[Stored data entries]
────────────────
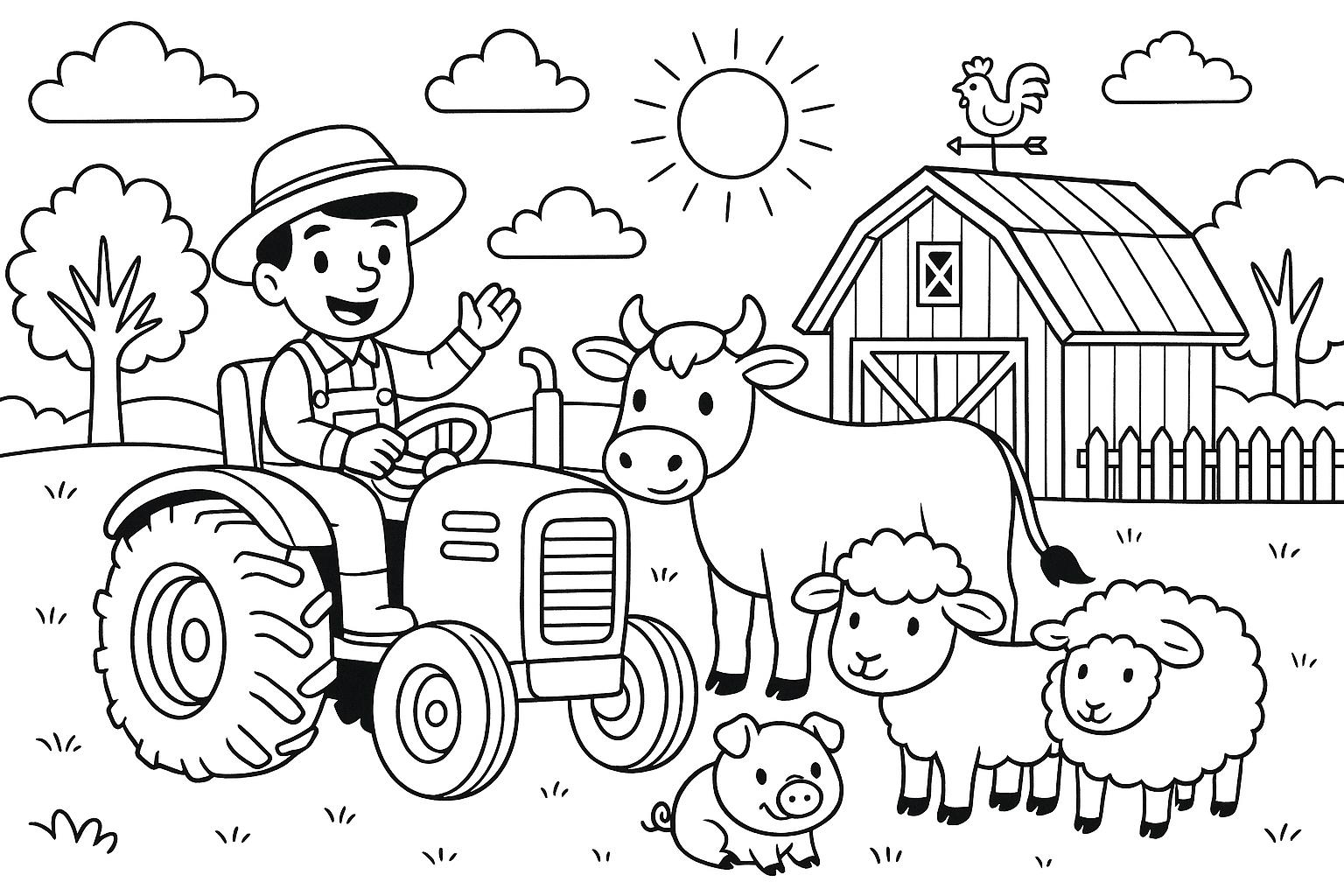 Farm Animal Coloring Pages Bundle | Farm Coloring Pages Set | Cow ...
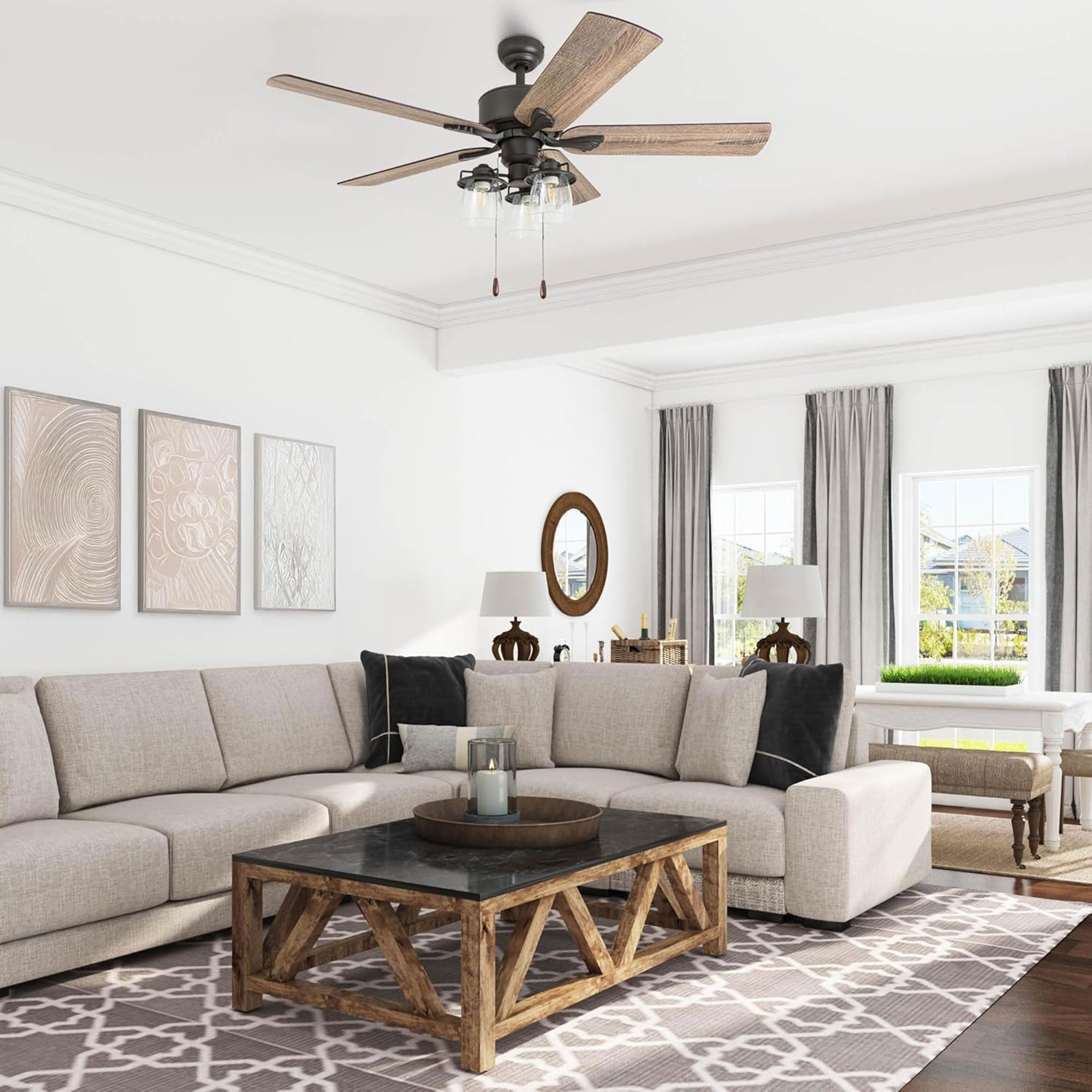 Prominence Home River Run 52" Farmhouse Ceiling Fan with Pull Chain, Bronze (For Parts)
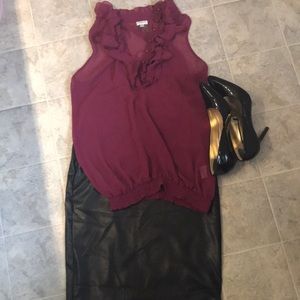 Sheer raspberry sleeveless blouse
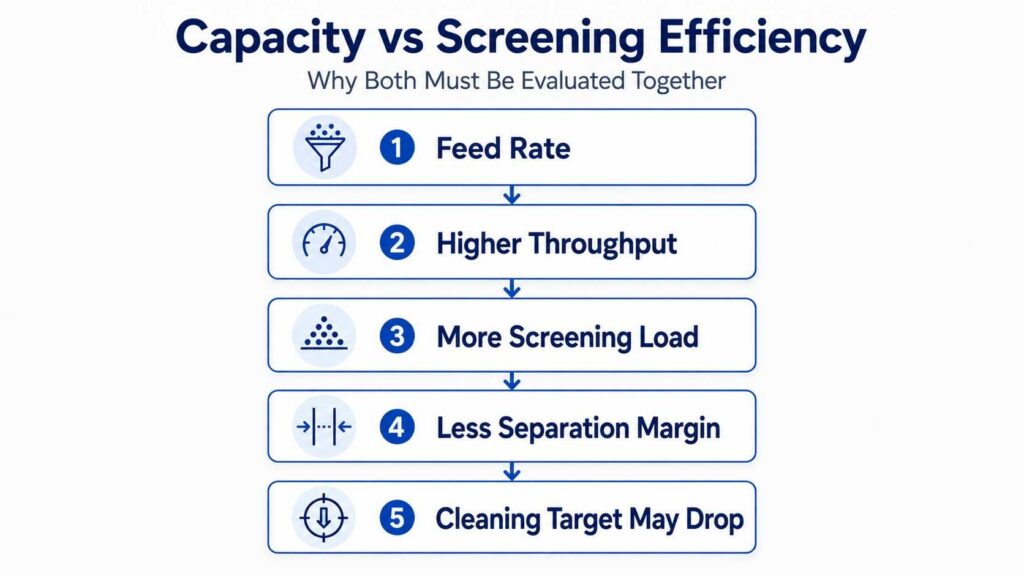 Relationship between grain cleaner capacity and screening efficiency
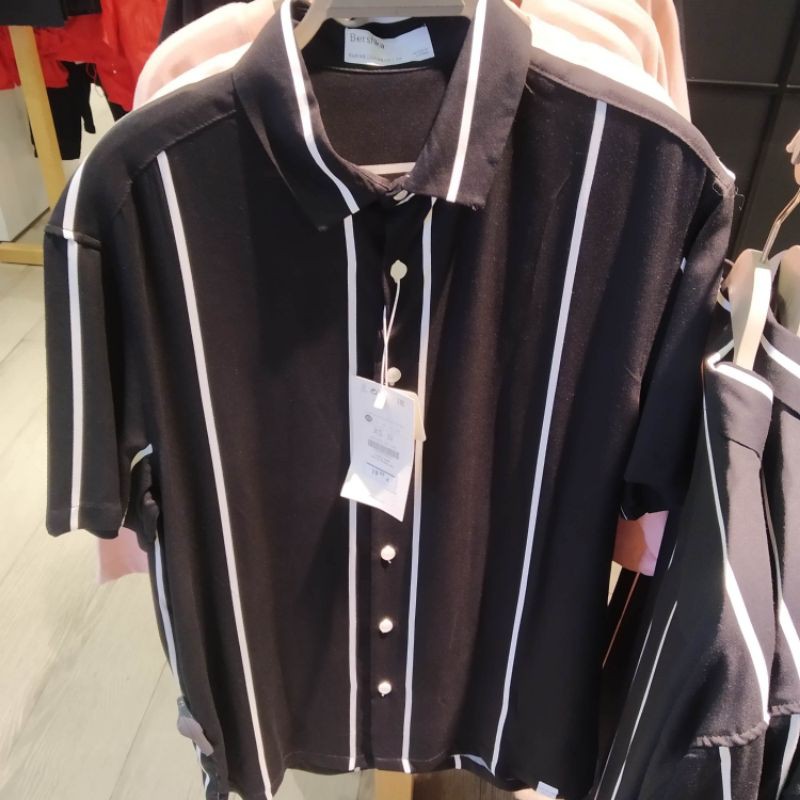 kemeja strip bershka original cowok new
────────────────
▶ [PROBLEM DETAILS]: Give the records again exactly, without pictures.

▶ [REPLY]:
 Farm Animal Coloring Pages Bundle | Farm Coloring Pages Set | Cow ...
 Prominence Home River Run 52" Farmhouse Ceiling Fan with Pull Chain, Bronze (For Parts)
 Sheer raspberry sleeveless blouse
 Relationship between grain cleaner capacity and screening efficiency
 kemeja strip bershka original cowok new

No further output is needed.